--- START ---

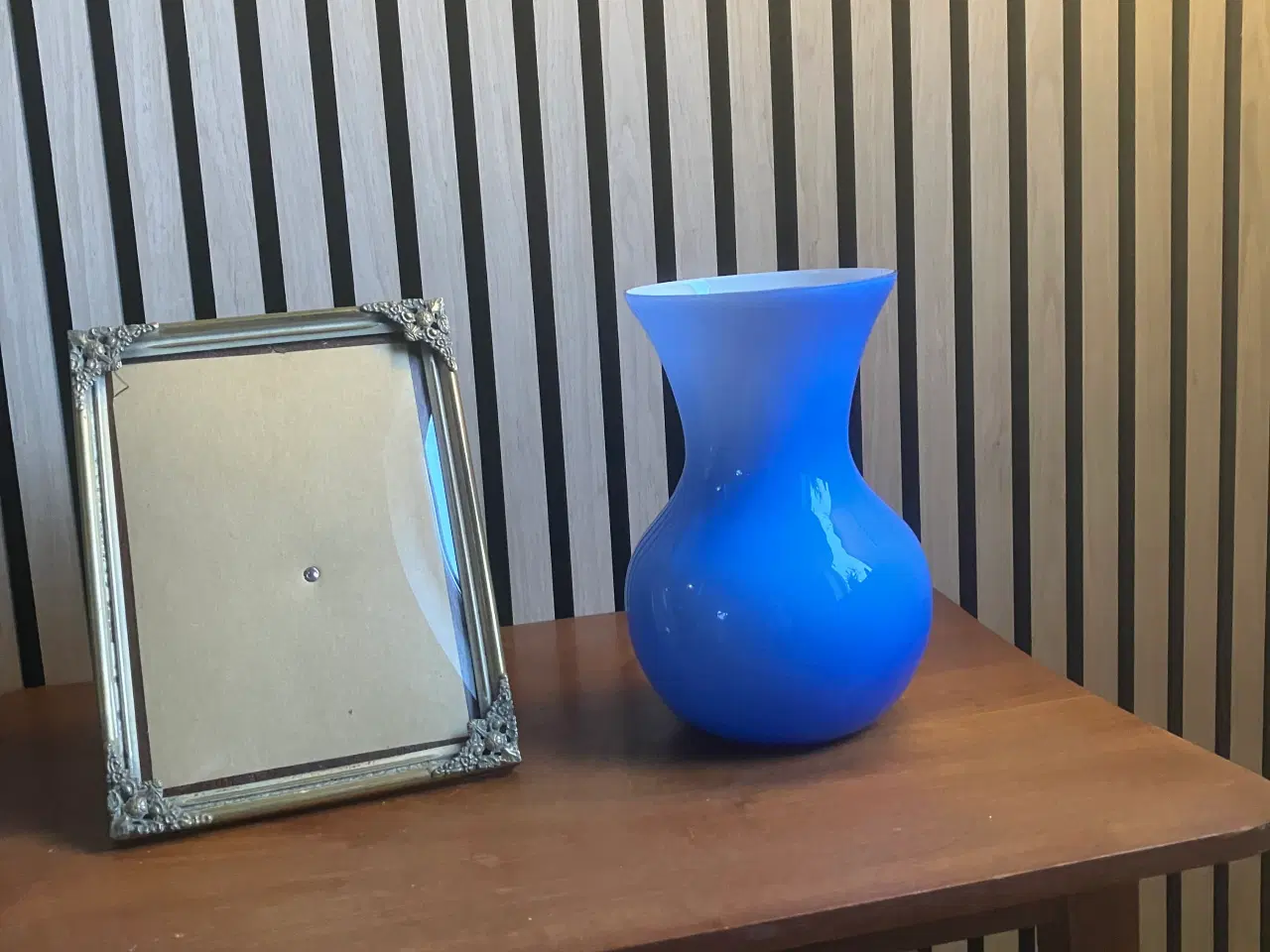 Billede 1 - Flot dueblå vase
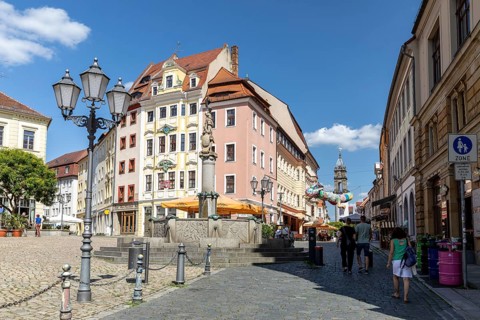 Ritter-Dutschmann-Brunnen on the main market square, Reichenstraße with the Reichenturm in the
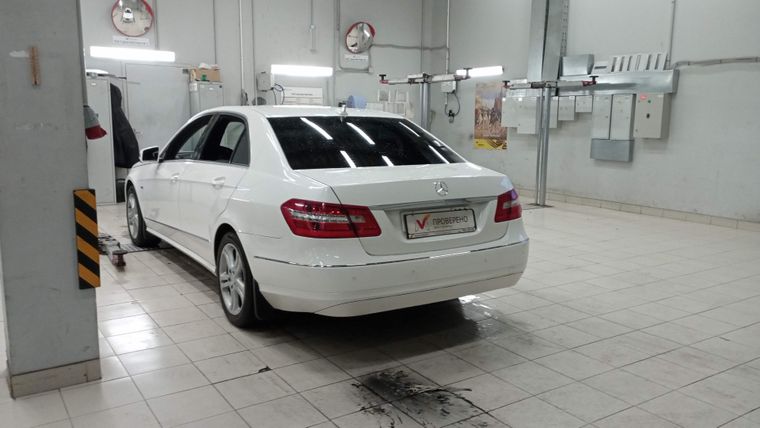 Mercedes-Benz E-класс 2011 года, 279 258 км - вид 4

--- END ---

(WHAT IS BEING ASKED)
When you retype the data above, match every line exactly and leave the pictures behind.

(THE COMPLETED TASK)
 Billede 1 - Flot dueblå vase
 Ritter-Dutschmann-Brunnen on the main market square, Reichenstraße with the Reichenturm in the
 Mercedes-Benz E-класс 2011 года, 279 258 км - вид 4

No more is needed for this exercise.